Very poor course structure

By lera m

Sep 10, 2023

Very vague explanations.

By Eman A

Aug 1, 2022

bored

By SMRUTI R D

Jul 26, 2021

Although I had done such data analysis elsewhere in Coursera, this I found very comprehensive and systematic. I wish the topic of statistical significance tests was covered in some detail based on real data, rather random data generated for the purpose. I feel this area should receive more attention from the designers of the course. Thanks for all efforts put in by the faculty and all support person in the background. Thanks a lot..

By Dan M

Feb 13, 2023

As someone with a science background, exploring and visualising data as well as performing hypothesis testing is something I have already done a lot of. This course offered a very useful refresher in these topics, as well as introducing me to a lot of tools that can streamline my work in these areas. The course was very well presented and the coded examples are useful to keep as go-bys for use in future work.

By Hobbesian T

Jun 18, 2022

I am on the IBM machine learning specialization professional certificate track and this course is my first course in the track. It is a very simple course, but it touches on the most important topics before performing any machine learing related work. I highly recommend to complete the machine learning specialization certificate after completing the course.

By ulagaraja j

Jan 20, 2022

Very friendly and extraordinary course for those who are looking for machine learning profession. The Data analysis and other process were well taken throughout the course. The Teaching members are well qualified and understandable so that we can have a clear thought on a particular concept. Finally an awesome course that no one should miss!!!

By Takahide M

Jul 12, 2022

This is the first course where you will learn how to use Jupiter Notebooks. For this purpose, you will learn machine learning concepts and more. It is not designed for beginners to learn. The prerequisite is that you should have some knowledge of mathematics, as some mathematical formulas such as linear algebra will be used in the course.

By Nosaybeh A P

Feb 5, 2022

Thanks Coursera

my life has changed after Corona crisis and founding you!!!

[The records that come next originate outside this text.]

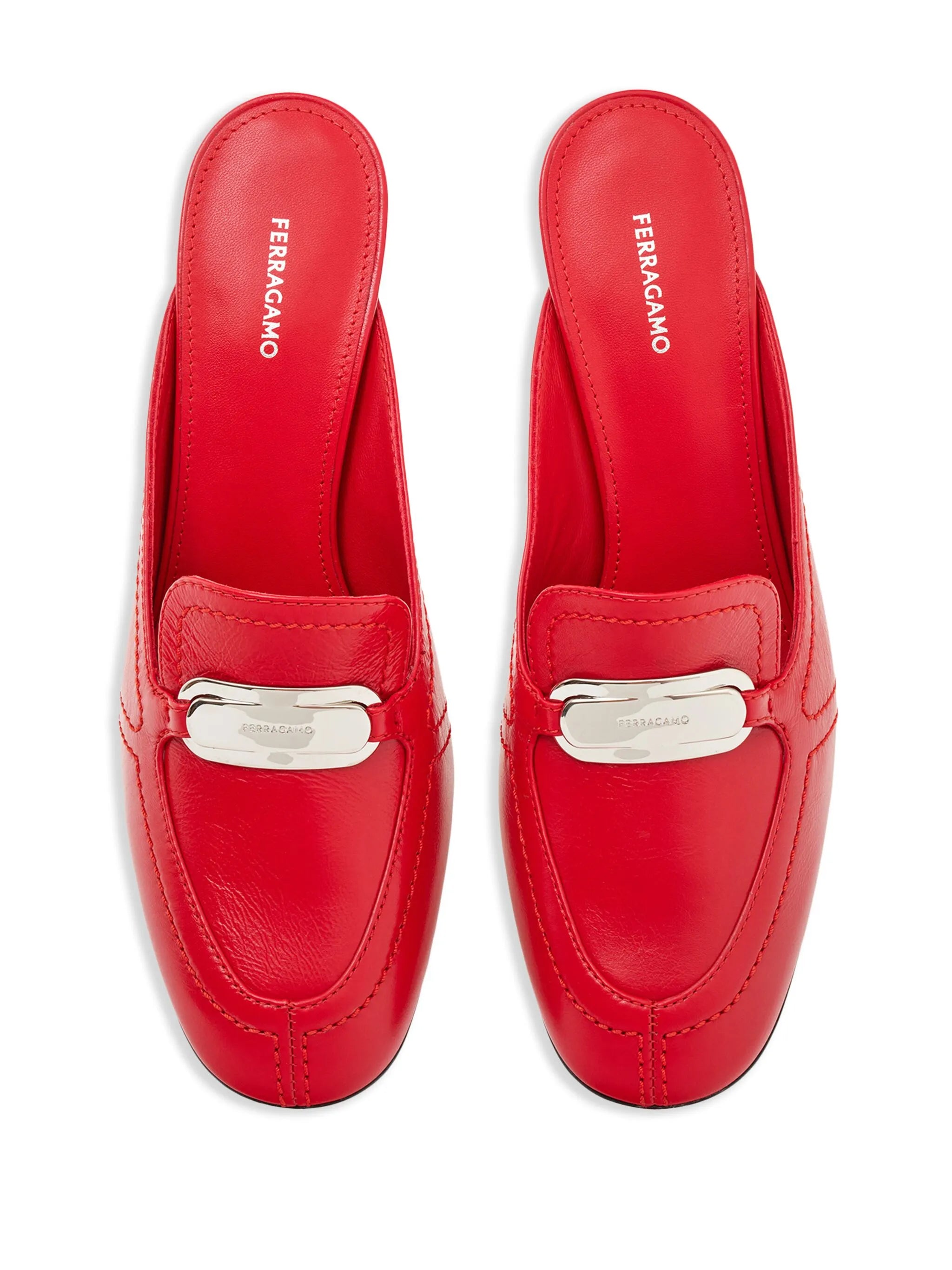 kitten-heel mules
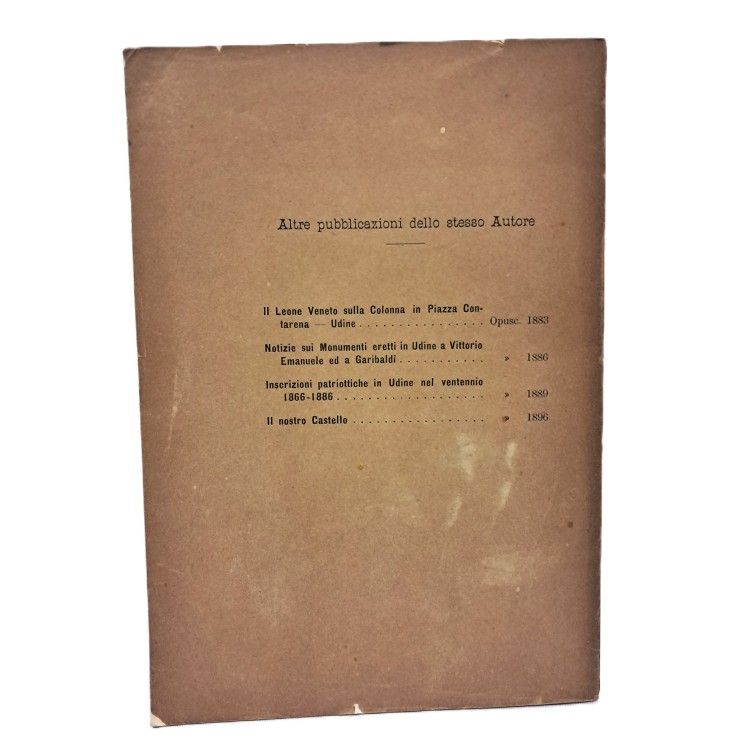 Un proclama repubblicano francese a Udine all'epoca del direttorio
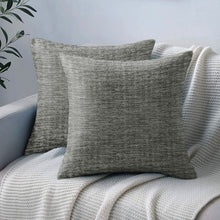 Load image into Gallery viewer, Rayna Decor Jacquard Chenille 100TC Cushion Cover, Pack of 1 &amp; 2, Platinum
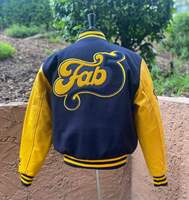Vestes d'université de baseball en laine simples personnalisées DiFan avec manches en cuir Veste d'université avec logo brodé en chenille Veste d'université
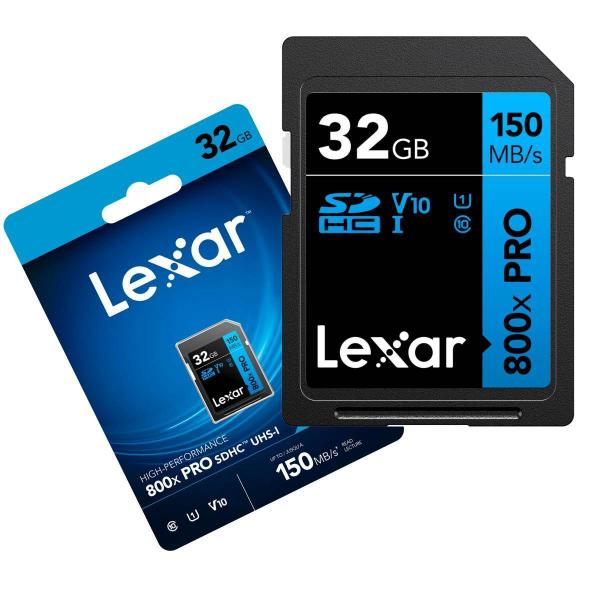 Imagem de Cartão De Memória Lexar Sdhc 32gb 150mb/s Alta Performance 800x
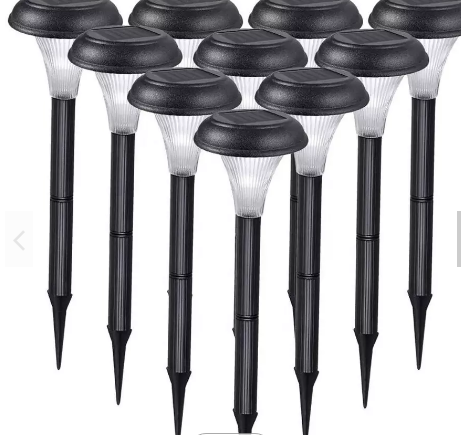 LED lumière solaire lumière de jardin solaire lampe de chemin solaire vente chaude pas cher petit en plastique extérieur chemin de jardin pilier de cour lumière 
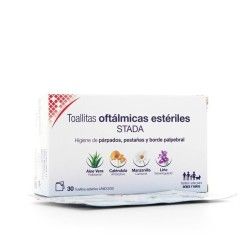 Care+ toallitas oftálm esteril stada 30u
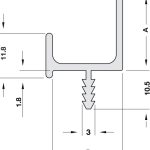 (3000mm) Tay nắm tủ HAFELE 126.27.906 (thanh nhôm)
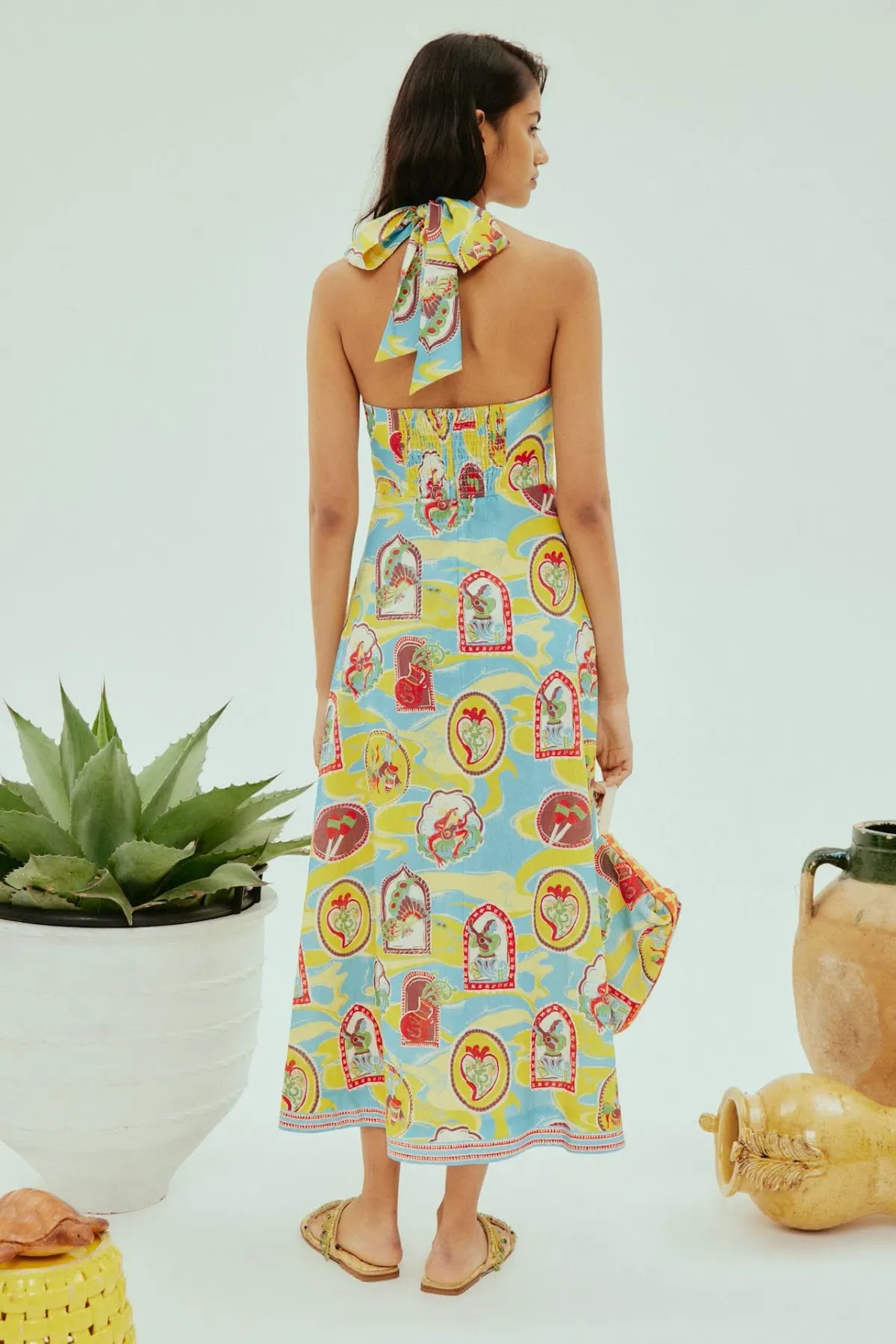 Alemais Emilio Midi Dress Multi Size 8 - Image 3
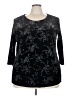 Notations Black 3/4 Sleeve T-Shirt Size 3X - photo 1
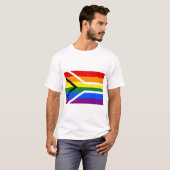 Zuid-Afrikaanse Gay Pride T-shirt (Voorkant volledig)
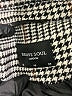 Brave Soul Houndstooth Gray Coat Size S - photo 6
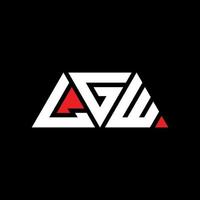 LGW triangle letter logo design with triangle shape. LGW triangle logo design monogram. LGW triangle vector logo template with red color. LGW triangular logo Simple, Elegant, and Luxurious Logo. LGW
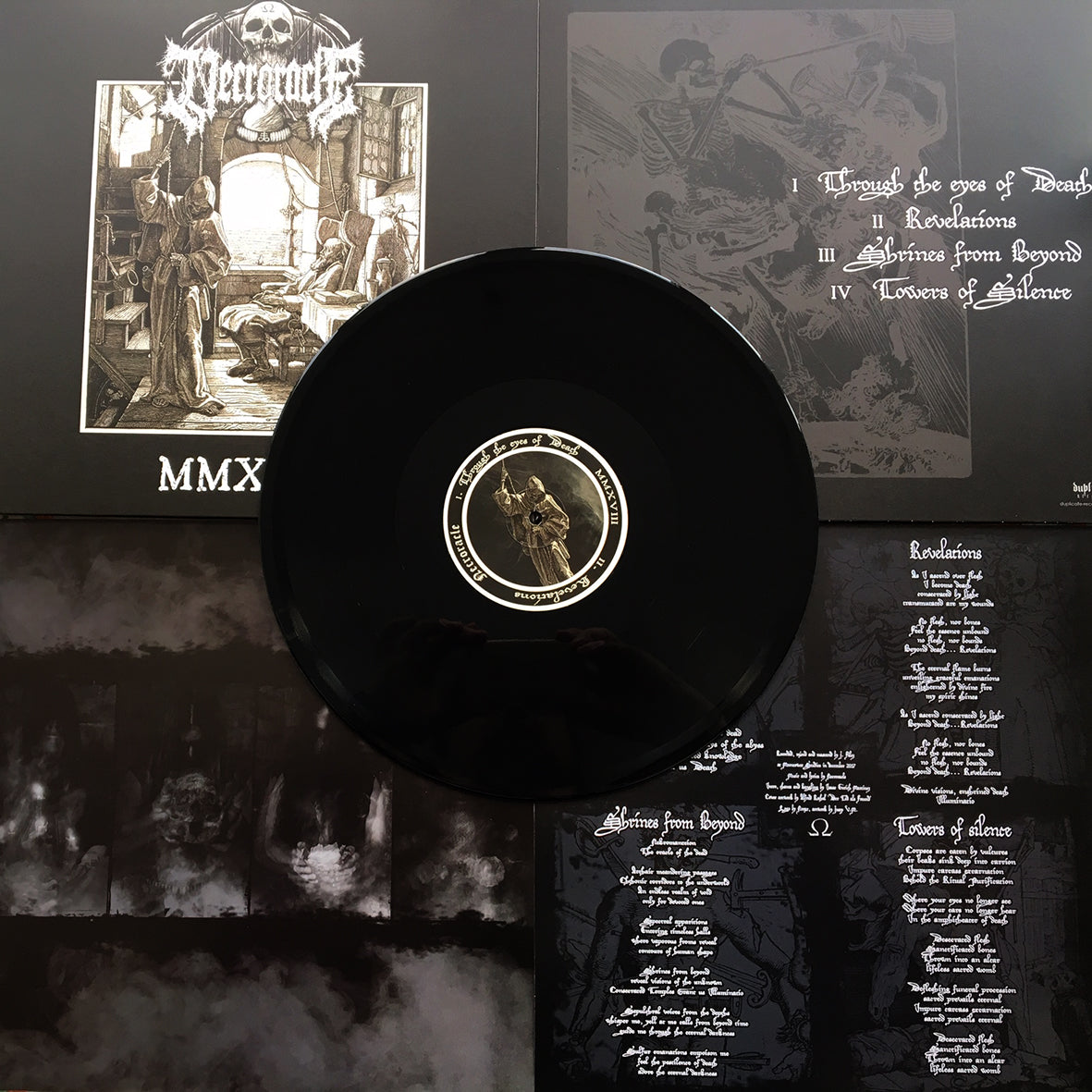 Necroracle MMXVIII MLP svart vinyl limited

Recommended for beginners as well as for those students, professionals who want to get their hands dirty in the data science life cycle.

Thanks to learning on Coursera , I'm able to add my courses to my Linkedin and resume that make me stand out from my peers.

By Anish K

Jun 6, 2023

I would highly recommend the IBM Machine Learning course to anyone interested in data science and machine learning. The course was well-structured and easy to follow, with plenty of practical examples and hands-on exercises. I appreciated the opportunity to apply what I learned through real-world scenarios and projects.

By Abhinav M

Oct 25, 2020

Peer Review needs some moderation, someone marked all zeros, for one of my assignments. We are doing Machine Learning clearly an algorithm for such can be made available. Overall a great Introduction and hands-on guidance towards the Tools and Statistics involved for various business applications in the real world.

By Mohammad K K

Aug 7, 2022

This course helped me to understand basics of AI /ML, Data Analysis and Hypotheisis Testing. Indepth explanation of some topics were plus point of the couse. Now, I am capable of doing Data Analysis with 100% confidence.

Thank you @Joseph Santarcangelo, @Svitlana (Lana) Kramar (Instructors) and IBM

By Samik B

Jun 5, 2022

This course has to be the best Data analysis course on Coursera. The explanation is to the point. A prior knowledge related to statistics, probability and discrete mathematics is very important, because the instructor assumes that you already know about the same. Superb course altogether!